**YOUR INSTRUCTIONS**
Your answer is to be the exact text of the lines from the one containing "1_кл_История_Узб_2024_2025_итог_билет 2" through the final line of the entries, restated in full, with pictures omitted.

**INPUT FOR THIS TASK**

□ □ □ □

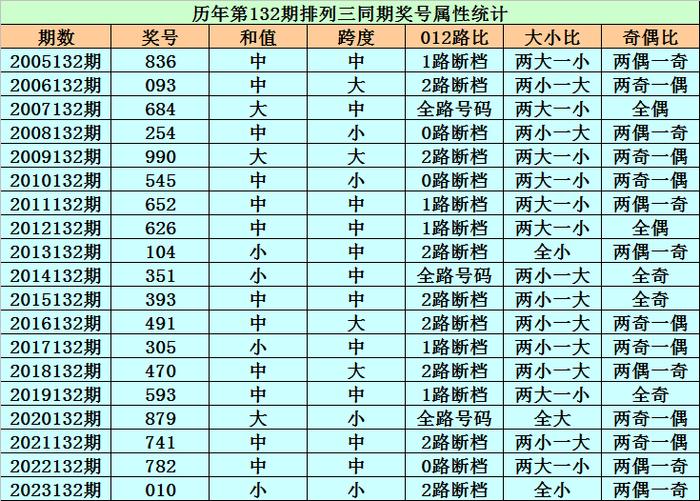 精选专家：黎先生预测排列三近6中5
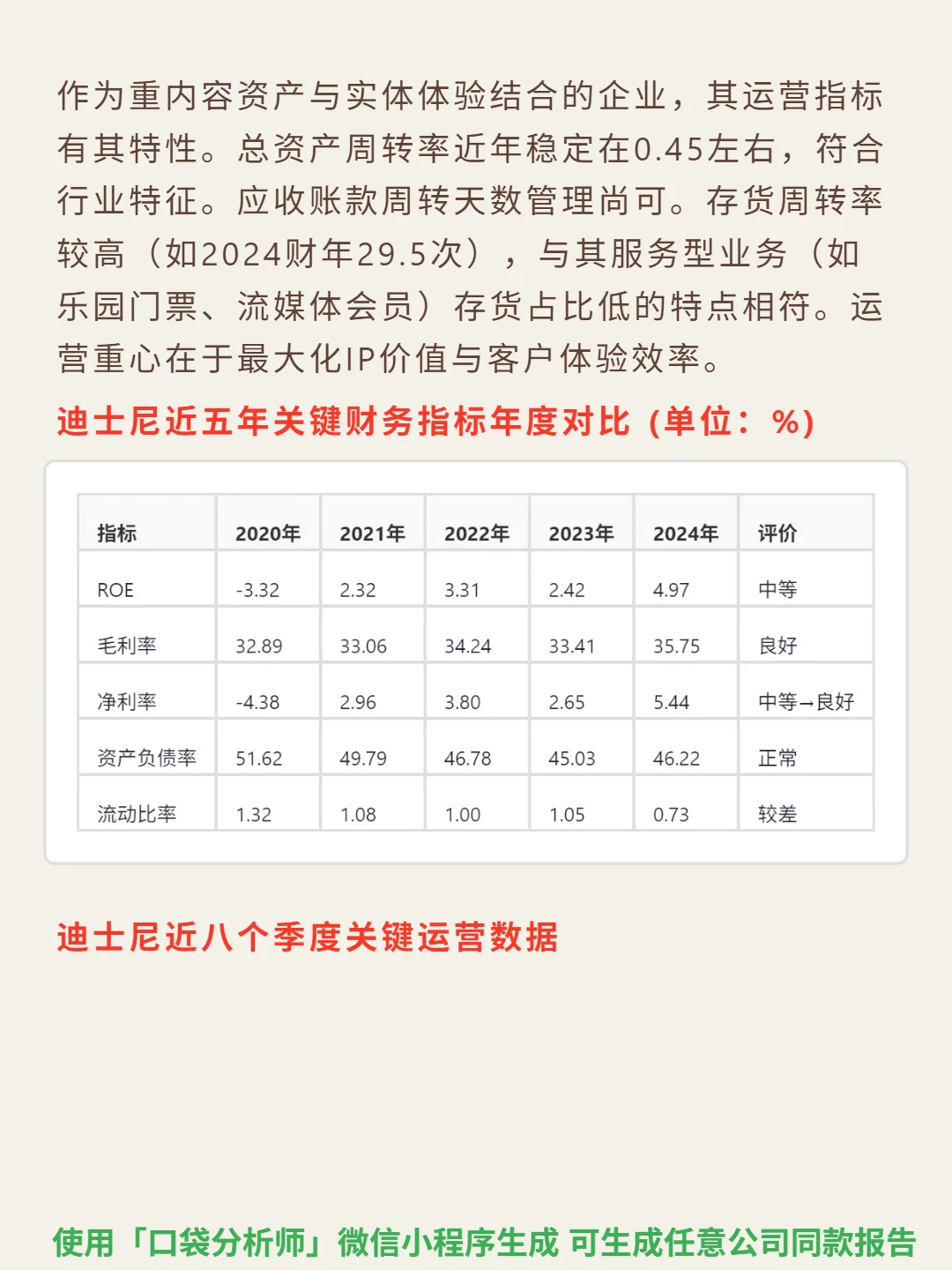 迪士尼 4000 字深度研报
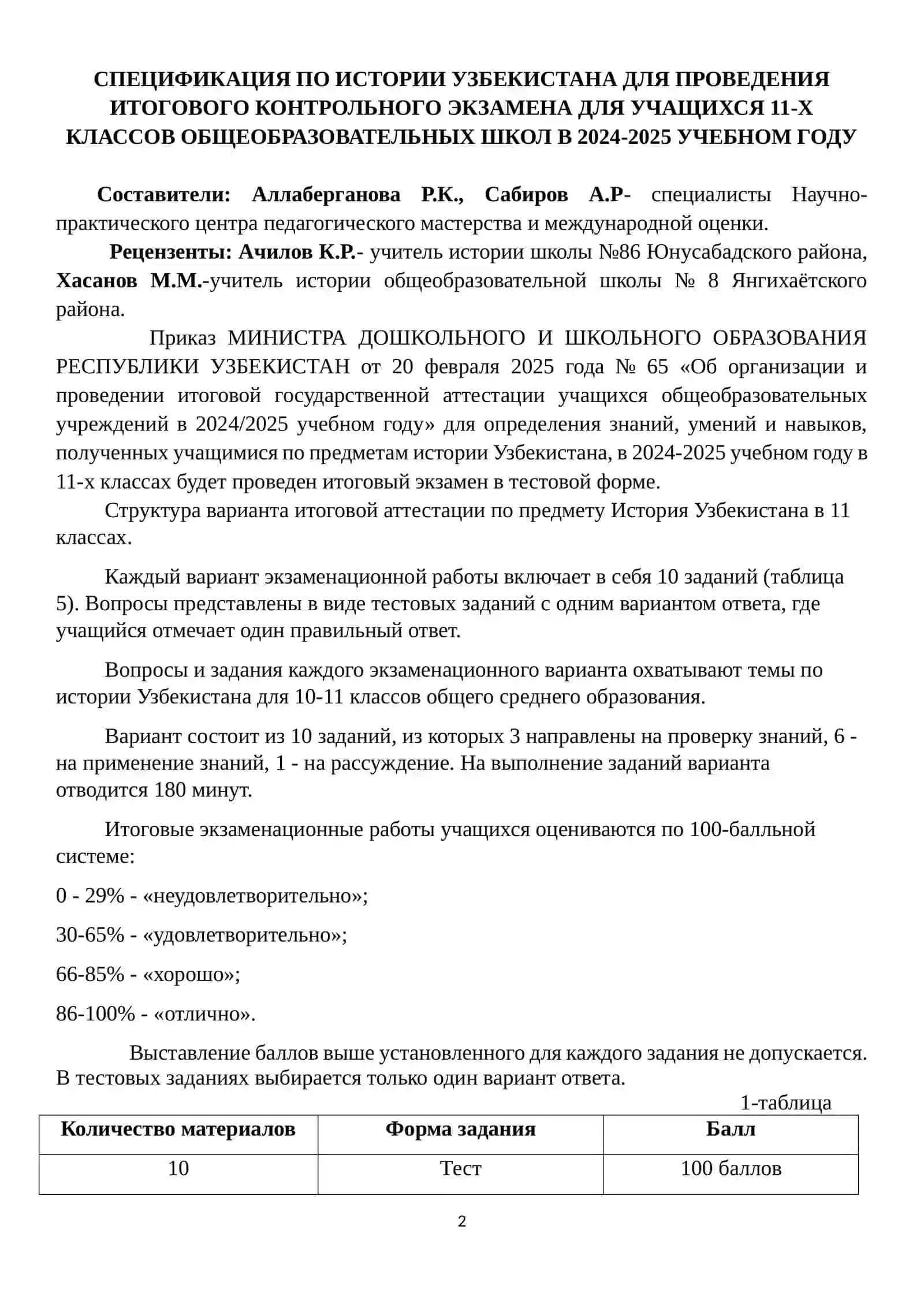1_кл_История_Узб_2024_2025_итог_билет 2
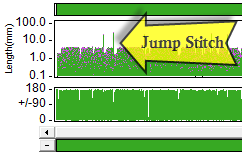 Jump Stitch on Stitches-in-Time Length Graph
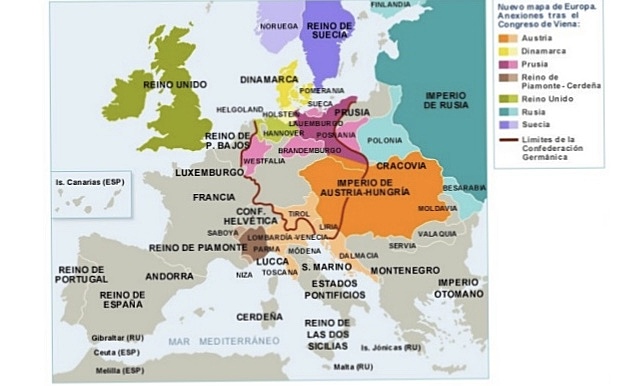 L’EUROPA DE LA RESTAURACIÓ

□ □ □ □

**WRITTEN RESPONSE**
1_кл_История_Узб_2024_2025_итог_билет 2
 Jump Stitch on Stitches-in-Time Length Graph
 L’EUROPA DE LA RESTAURACIÓ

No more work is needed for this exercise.